We get this result because in this example, when the cut-off is smaller than 0.3, the value of FN is 0. And according to the formula: Sensitivity=TP/(TP+FN), when FN is 0, the value of Sensitivity should be 1. So in this situation, when cut-off value is smaller than 0.3, the Sensitivity is always 1. When the cut-off value is larger than 0.3, the Sensitivity decreases all the time and finally when the cut-off value is 0.9, it gets its minimum value which is about 0.52.

Now, we could use the plot_metric function to plot the Specificity.

According to the plot, we could see the value of Specificity increases all the time and finally when the cut-off value is 0.9, it reaches its maximum value which is about 0.99.

Now, we could use the plot_metric function to plot the False Discovery Rate.

According to the plot, we could see the value of False Discovery Rate nearly decreases all the time. However, when the cut-off value is 0.4, it increases a little, but then it still decreases. When the cut-off value is 0.1, it gets its maximum value which is about 0.23. When the cut-off value is 0.9, it gets its minimum value which is about 0.06.

Now, we could use the plot_metric function to plot the Diagnostic Odds Ratio.

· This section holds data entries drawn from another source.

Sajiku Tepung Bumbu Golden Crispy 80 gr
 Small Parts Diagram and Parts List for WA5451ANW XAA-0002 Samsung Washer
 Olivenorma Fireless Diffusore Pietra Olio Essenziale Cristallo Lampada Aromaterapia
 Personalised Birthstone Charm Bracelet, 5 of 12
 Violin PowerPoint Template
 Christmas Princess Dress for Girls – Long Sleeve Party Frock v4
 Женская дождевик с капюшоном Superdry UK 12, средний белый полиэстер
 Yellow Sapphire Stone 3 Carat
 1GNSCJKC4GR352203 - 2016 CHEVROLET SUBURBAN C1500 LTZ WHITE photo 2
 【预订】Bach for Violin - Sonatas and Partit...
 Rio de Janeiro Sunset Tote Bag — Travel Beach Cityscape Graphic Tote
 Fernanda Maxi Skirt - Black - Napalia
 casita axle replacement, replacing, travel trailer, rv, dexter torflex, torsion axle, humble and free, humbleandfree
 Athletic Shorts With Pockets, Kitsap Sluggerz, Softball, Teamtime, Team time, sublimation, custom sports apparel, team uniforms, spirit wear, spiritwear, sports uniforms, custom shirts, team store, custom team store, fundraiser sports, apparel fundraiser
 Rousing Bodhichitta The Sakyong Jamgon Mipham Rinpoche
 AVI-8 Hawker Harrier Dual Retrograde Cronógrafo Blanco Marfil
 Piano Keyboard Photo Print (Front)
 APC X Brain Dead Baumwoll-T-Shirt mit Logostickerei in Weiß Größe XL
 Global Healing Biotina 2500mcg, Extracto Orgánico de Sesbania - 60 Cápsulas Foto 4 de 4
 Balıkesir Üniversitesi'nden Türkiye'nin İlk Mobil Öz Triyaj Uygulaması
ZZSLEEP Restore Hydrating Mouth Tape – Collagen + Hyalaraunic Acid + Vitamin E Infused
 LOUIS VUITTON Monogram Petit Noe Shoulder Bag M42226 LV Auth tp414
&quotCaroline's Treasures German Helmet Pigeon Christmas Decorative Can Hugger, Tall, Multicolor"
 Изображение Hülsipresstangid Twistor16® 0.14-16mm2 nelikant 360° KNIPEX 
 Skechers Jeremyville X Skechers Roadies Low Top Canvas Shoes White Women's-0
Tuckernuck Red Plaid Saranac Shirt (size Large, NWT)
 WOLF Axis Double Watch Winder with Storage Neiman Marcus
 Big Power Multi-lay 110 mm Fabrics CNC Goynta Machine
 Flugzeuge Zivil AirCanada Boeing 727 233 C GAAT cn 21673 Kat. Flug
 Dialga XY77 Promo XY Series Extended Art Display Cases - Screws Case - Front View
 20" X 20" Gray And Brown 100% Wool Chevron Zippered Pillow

We get this result because when the cut-off is smaller than 0.3, the value of FN is 0. And according to the formula: Diagnostic_Odds_Ratio=LR+/LR-, when FN is 0, the value of Diagnostic_Odds_Ratio should converge to infinite and does not exist. So in this situation, the value of Diagnostic_Odds_Ratio could get its value only when the cut-off value is larger than 0.3. When the cut-off value is larger than 0.3, the value of Diagnostic Odds Ratio decreases first but then increases a little at the point of 0.7. When the cut-off value is 0.7, it gets its minimum value which is about 50.